Payback and the value of a front tooth

Gabriella shows off her new smile.
 
 

By Heather Earnhart

Blogger, Parent Panelist

"Did the Tooth Fairy and the Easter Bunny meet?" That's what my 6-year old Gabriella asked me this weekend since she finally had her third visit from the Tooth Fairy on "Easter Eve!"

For the past several months we've been watching her two front teeth grow to be almost horizontal as if the permanent teeth were saying, "hey-get outta my way!"  I believe the dental hygienist referred to them as "flying". As they became more and more loose, we became more and more impatient for her to just pull them out already.

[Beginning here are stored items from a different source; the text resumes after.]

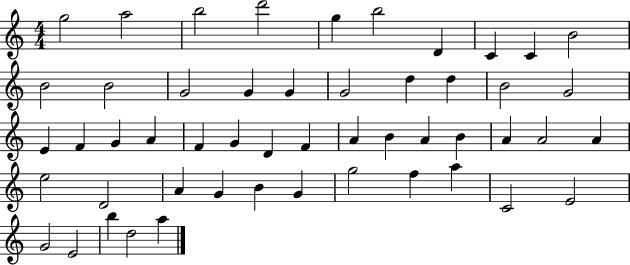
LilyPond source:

{
  \clef treble
  \numericTimeSignature
  \time 4/4
  \key c \major
  g''2 a''2 | b''2 d'''2 | g''4 b''2 d'4 | c'4 c'4 b'2 | \break b'2 b'2 | g'2 g'4 g'4 | g'2 d''4 d''4 | b'2 g'2 | \break e'4 f'4 g'4 a'4 | f'4 g'4 d'4 f'4 | a'4 b'4 a'4 b'4 | a'4 a'2 a'4 | \break e''2 d'2 | a'4 g'4 b'4 g'4 | g''2 f''4 a''4 | c'2 e'2 | \break g'2 e'2 | b''4 d''2 a''4 | \bar "|."
}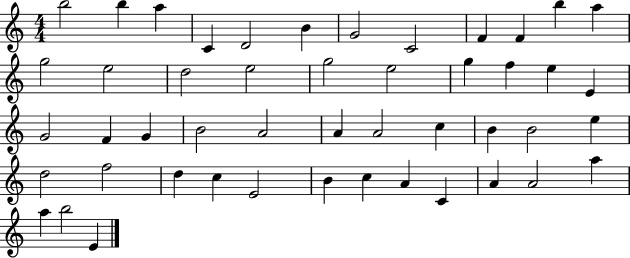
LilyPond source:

{
  \clef treble
  \numericTimeSignature
  \time 4/4
  \key c \major
  b''2 b''4 a''4 | c'4 d'2 b'4 | g'2 c'2 | f'4 f'4 b''4 a''4 | \break g''2 e''2 | d''2 e''2 | g''2 e''2 | g''4 f''4 e''4 e'4 | \break g'2 f'4 g'4 | b'2 a'2 | a'4 a'2 c''4 | b'4 b'2 e''4 | \break d''2 f''2 | d''4 c''4 e'2 | b'4 c''4 a'4 c'4 | a'4 a'2 a''4 | \break a''4 b''2 e'4 | \bar "|."
}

One day during this time of flying teeth, I made the mistake of complaining to my mom about it. All she said was "pay back!"  I guess Gabriella inherited my own dramatic process of losing my baby teeth. I can vaguely remember a lot of drama with tears, and a very real fear of pulling out my teeth.

So you have to imagine I lean a little on the soft side when it comes to being forceful about pulling dangling baby teeth. I have friends and relatives that yank out their kids teeth when they are a long way from falling out naturally. Luckily, I have the dental profession backing me on this one. They say it's best to wait until they are very loose, and there should be little or no pain or bleeding involved.

That said, our pediatric dentist forcefully encouraged Gabriella to pull her front teeth out by setting an appointment and printing out a chart and estimate for extracting the two upper front teeth. Needless to say, my husband and I were not going to pay the dentist $242 to pull out our daughter's teeth for no good reason!  There were plenty of other pediatric dental experts I found who claimed this is almost never necessary. My husband offered to buy her teeth, and she only asked for $6. Her Uncle then upped the price to $7 each. It didn't work.

A mere 10 days after the threatened extraction, one of the teeth fell out-on our last day of vacation in New York City!  The other one is going to be right behind it, I know. The Tooth Fairy came, perhaps chatting with the Easter Bunny in the hallway, and left a $1 gold coin with a picture of the Statue of Liberty on it since she lost her tooth in New York City of course. Prior Tooth Fairy visits brought a $1 gold coin with Sacajawea on it, and a $5 bill for the first tooth lost because she was 5 years old when she lost it.

How do you handle baby teeth drama in your house?  And what has the Tooth Fairy been leaving for your children's teeth?